Microsoft announced Windows 11 at the official online event. Here’s in this post we brief the Windows 11 system requirement and give you thinking points on whether you should permanently migrate to Linux.
There are many debates and discussions going around after the announcement of Windows 11 from Microsoft. Many are “blown away” by the look and feel of the customization option that it brings, little they know that it might be “inspired” by other operating systems.
Here’s a quick recap of visible features –
- New Start Menu, Taskbar, and Search Bar
- New Animations are added while moving and dragging the windows.
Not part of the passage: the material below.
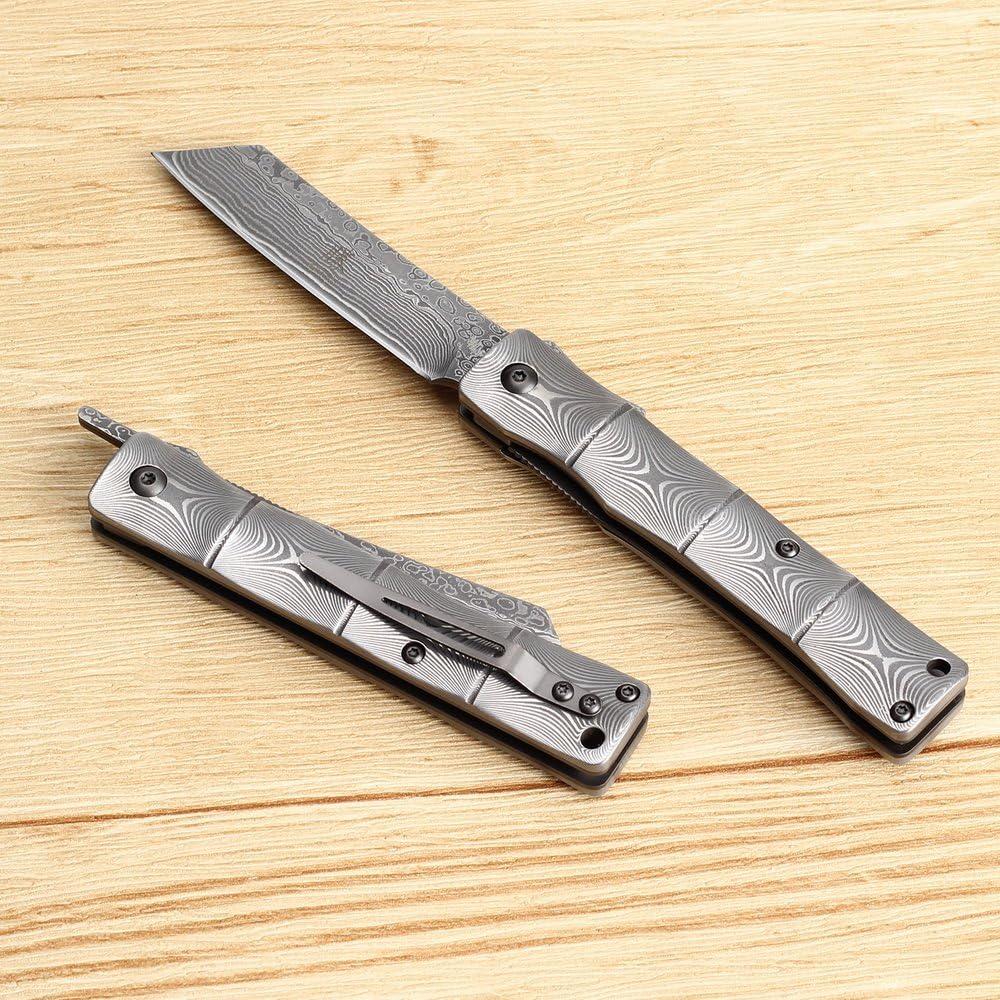 Cuchillo de bolsillo KATSU JFD01 Damasco plegable 19.05 cm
Even Opening a new window, closing, and minimize tap have different animation than earlier versions of Windows.
- Featured add to perform multitask with windows like split-screen, creating groups of various task windows, etc.
- Touch controls are improved significantly.
- New sounds are added in this version. After the release of Windows 10 in 2015, no significant changes were made in the sounds. But in Windows 11, you will see various new sound options.
- You will have access to dark mode also.
- Rounded Corners: Pointy corners will not be available in Windows 11. Corners of various bars will be made round.
- New icons are added which will make it more attractive than the earlier versions.
- Various new Widgets are added in this version.
- You can run Android apps via Windows 11 store
Table of Contents
Windows 11 System Requirement
- Processor – 1 gigahertz (GHz) or faster with 2 or more cores on a compatible 64-bit processor or System on a Chip (SoC)
- Memory – 4 GB RAM
- Storage – 64 GB or larger storage device
- System firmware – UEFI, Secure Boot capable
- TPM Trusted Platform Module (TPM) version 2.0
- Graphics card DirectX 12 compatible graphics / WDDM 2.x
Display >9” with HD Resolution (720p)
- Internet connection Microsoft account and internet connectivity required for setup for Windows 11 Home
Looking at the specification, you might have noticed a couple of interesting items. Windows 11 recommends your system should have TPM a.k.a Trusted Platform Module (TPM) version 2.0. Trusted Platform Module (TPM) technology is designed to provide hardware-based, security-related functions. A TPM chip is a secure crypto-processor that is designed to carry out cryptographic operations. The chip includes multiple physical security mechanisms to make it tamper-resistant, and malicious software is unable to tamper with the security functions of the TPM.
And this is why Microsoft boasts about Windows 11 being more secure.
Not all the hardware that is available today has a TPM chip. And worse is, many may force to buy new hardware as well. As a thumb rule, if you have bought any Laptop, Desktop 2017 onwards, you should be fine.
Internet Required for set up?
From an end-user perspective, this is not a good idea at all. This forces everyone to create a Microsoft account for the initial setup. Think about millions of users who probably buy Laptops for basic usage, and now they required to create an account, with OneDrive and other online “BS”. And you end up consuming more data, give away your data, and so on.
This move is completely unnecessary from the Microsoft side. Internet connectivity should be optional and not mandatory for setting up your computer which you bought with a price.
Should you be moving to Linux?
Yes, of course. Linux can run super-fast in all newer and older hardware. There are plenty of versions of the Linux operating system with a nice-looking desktop out there that you can easily install and use. You do not need to shell out additional money just to experience fancy Windows 11.
Linux has many variants which cater to different people with a variety of tastes. You do not need to settle for only one look and feel and functionality. You have the freedom to choose.
You do not need to buy expensive Antivirus which is recommended for Windows operating system. Linux doesn’t get a virus that easily as it is designed in a different way, and not that popular. So, you are protected on that front and save more money.
Linux updates are much faster due to stability and the small size of updates. Hence you save money on your data plan as well.
And, you save thousands of hours by not looking at this:
Benchmarking a certain set of hardware as “old” is completely subjective in terms of software. You can easily run Debian, or Lubuntu in ten-year-old or more hardware for basic tasks. If someone tells you that your hardware is old, doesn’t make it so. Windows 11 may compel some users to think about their personal hardware strategy in the longer term. It is a market leader in the Desktop operating system and it is a business model for them and OEMs. Fair enough. But if you are a Windows user and reading this, I would recommend you to start experimenting with simple and friendly Linux distributions such as Linux Mint, right now. So that you have options to choose from and have control over your spending in the longer run.